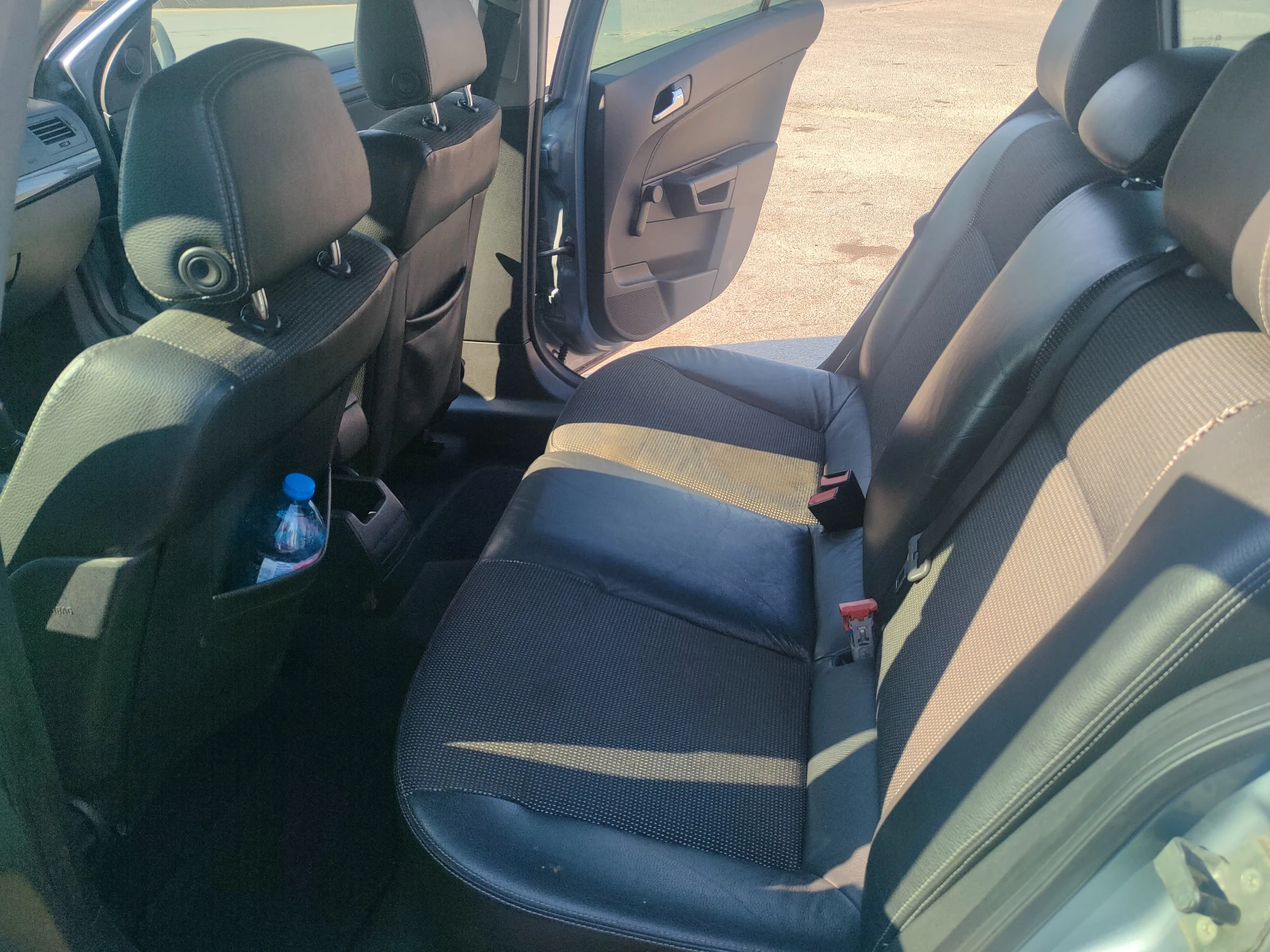 Opel Astra H, снимка 11 - Автомобили и джипове - 55665321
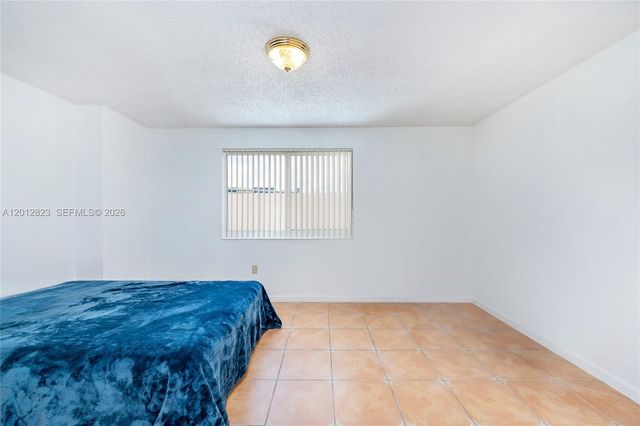 1007 NW 106th Ave Cir, Miami, FL 33172
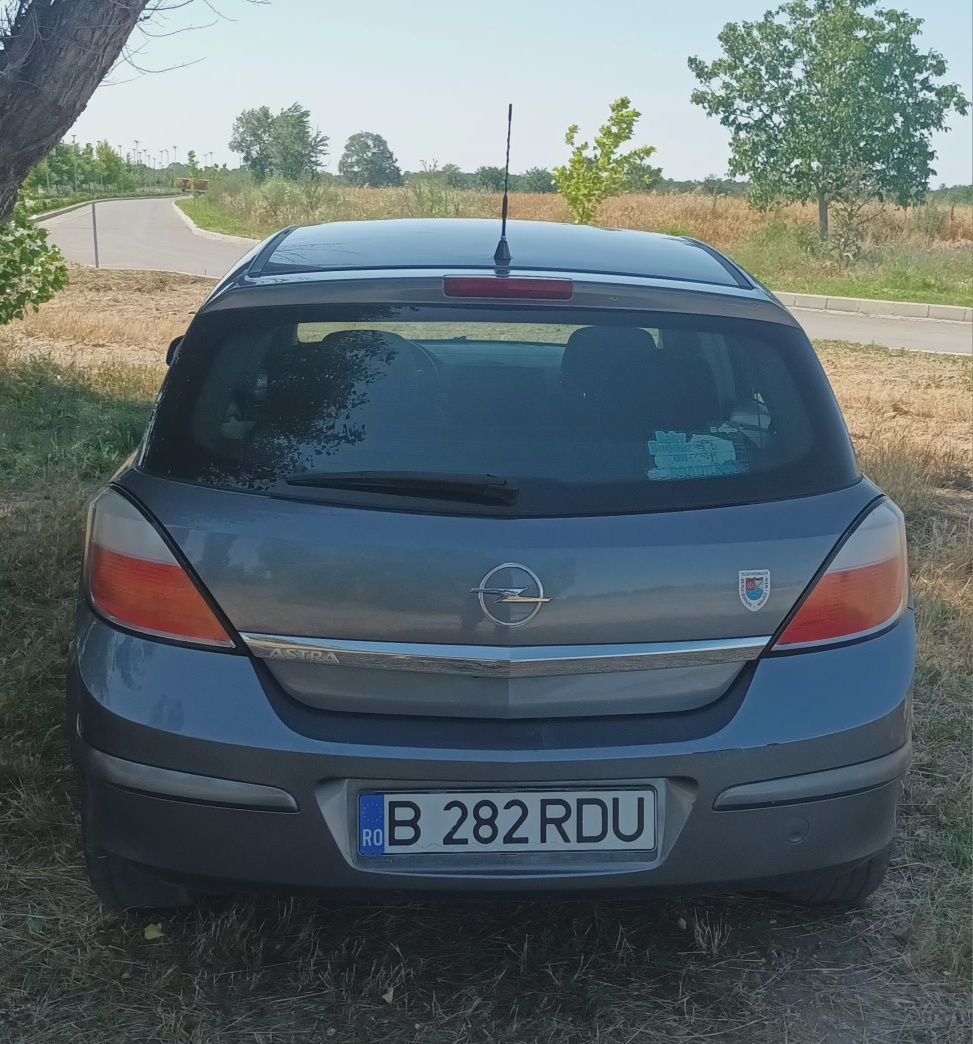 Opel Astra H 1.4 benzina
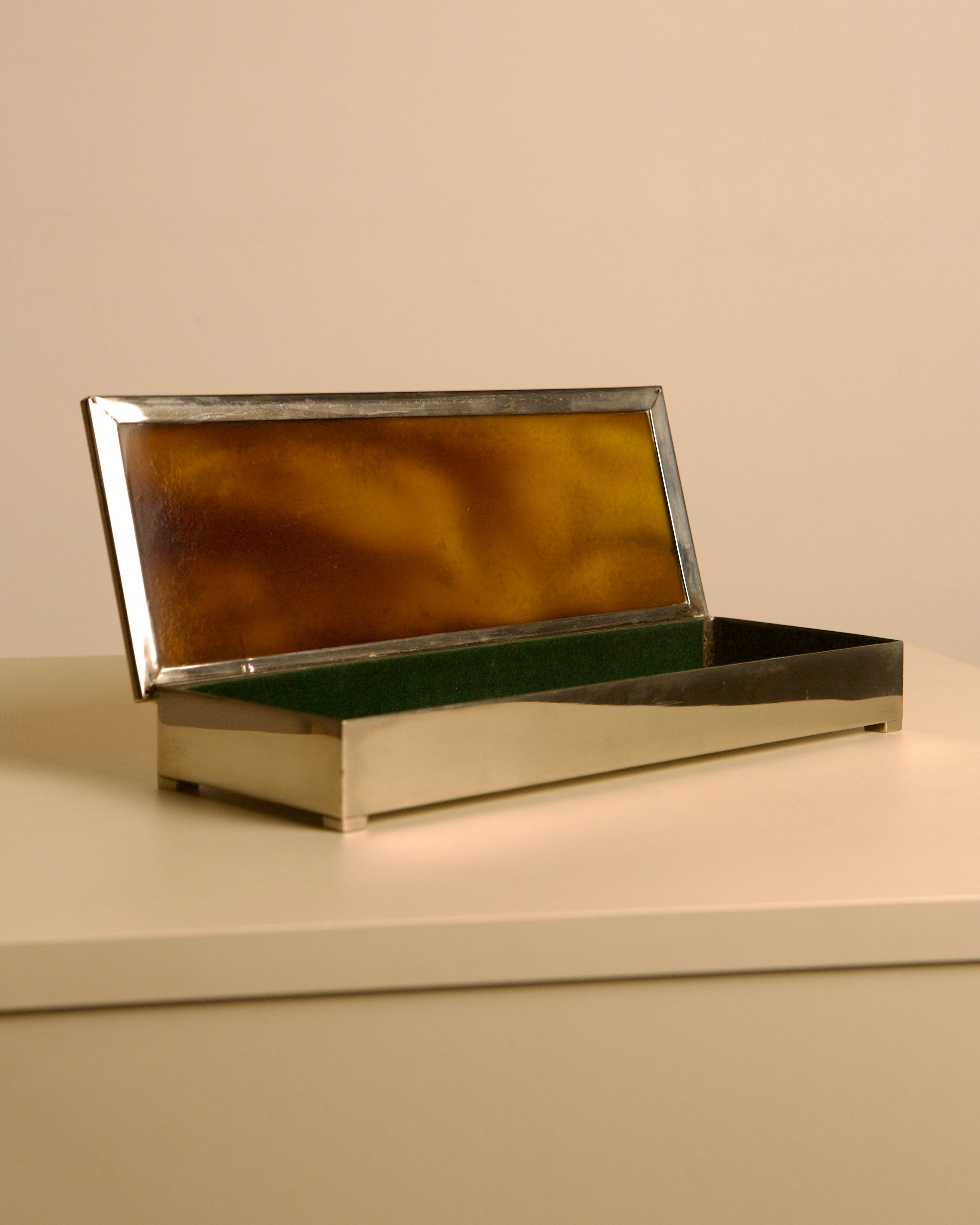 Italian rectangular box in chrome metal, amber faux tortoiseshell lacquer and green velvet — detail view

PROBLEM: Repeat the listing word for word, but without its pictures.

WRITTEN SOLUTION:
 Opel Astra H, снимка 11 - Автомобили и джипове - 55665321
 1007 NW 106th Ave Cir, Miami, FL 33172
 Opel Astra H 1.4 benzina
 Italian rectangular box in chrome metal, amber faux tortoiseshell lacquer and green velvet — detail view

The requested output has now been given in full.